For eight years in my 20s and 30s, I was a draft horse teamster at a resort-town ranch, driving a two-up hitch of massive blond Belgians or coal-black Percherons, on a huge hay wagon for mid-summer meadow rides, or on big sleighs that would glide over the high-mountain snow on moonlit winter nights.

Molly was one of the ranch dogs. She was no particular color – a little black, a little brown, a little gray, all mixed up in a dark grizzle. Like most cowdog breeds, she was a sturdy little thing, weighing forty pounds at most and standing about 18 inches high.

She was no great spark in the personality field. Poor Molly was a bit of a slinker – one of those quiet, careful dogs who skirts around the edges of action, waiting to see if it’s safe to be noticed.

And it seemed that “notice,” for Molly, frequently came in the negative form.

Let me say right here that the people who owned the place took very good care of their animals. They were about as good as they could be to their livestock without actually inviting them into the house. Even that rule was suspended for their numerous bobcat-sized Siamese and Manx cats, and a succession of lucky dogs.

But businesses mean employees, and they were not always as enlightened. Molly probably heard “Molly, get out!” and “Molly, get away!” a thousand times. There may even have been a clod of dirt pegged her way at times.

I didn’t have a lot of patience for her myself. She’d seldom come out to meet me in the morning. Never wanted to go along on an adventure. Never wanted to come play, like some of the other dogs. Molly just wasn’t much fun.

But late one day, as I was coming up to the main ranch house from the bunkhouse, Molly somehow connected with me.

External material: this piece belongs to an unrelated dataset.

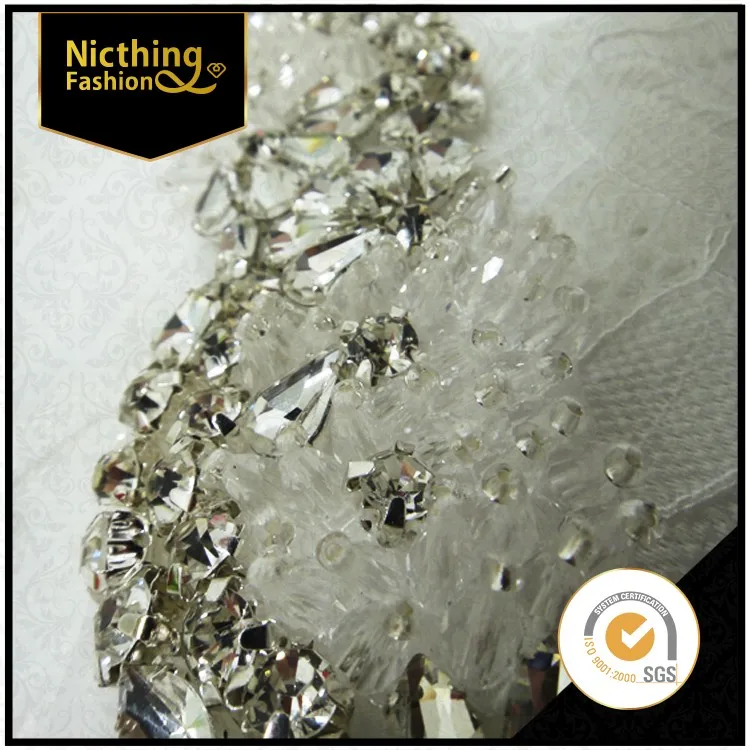 2016 wholesale new design rhinestone and pearl beaded applique ornaments lace trimming rhinestone trim for wedding NRT-065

She happened to be lying across the trail as I came down it. She thumped her tail on the ground nervously at my approach, but I was in too much of a hurry to bother with her and I said “Look out, dog!” She instantly jumped up and skittered off to the side.

I glanced back at her, though, and saw her trudging slowly away with her whole body a message of dejection. I stopped, suddenly struck by the thought, “What must it be like for her?”

Left out. Never played with. Seldom petted.

Mixed in with all the random moments of your life that pass unremarked and unremembered, there are those sometimes-surprising few that stick with you for a long, long time. Through accident of time and life and human nature, these moments of happiness, or tragedy, or sudden understanding, become the axles around which the rest of your life turns.

Perspectives shift. Things change. Doors open.

Though I had a close friendship with my own canine buddy, Ranger, I was completely unimpressed with Molly. If I had ever cared to think about it, I might have known that there was something missing in her life. I might have said well, from her point of view, if there was such a thing, it would seem that she gets only occasional crumbs of affection. Tiny tag ends of attention, second thoughts, unconscious pats. Half-loves.

But I didn’t care enough to think of that. She was just another… well, dog.

Now, though, slow-motion flashbulbs went off in my head and freeze-framed me where I stood. For the first time ever, I wondered “What would it be like to be Molly?”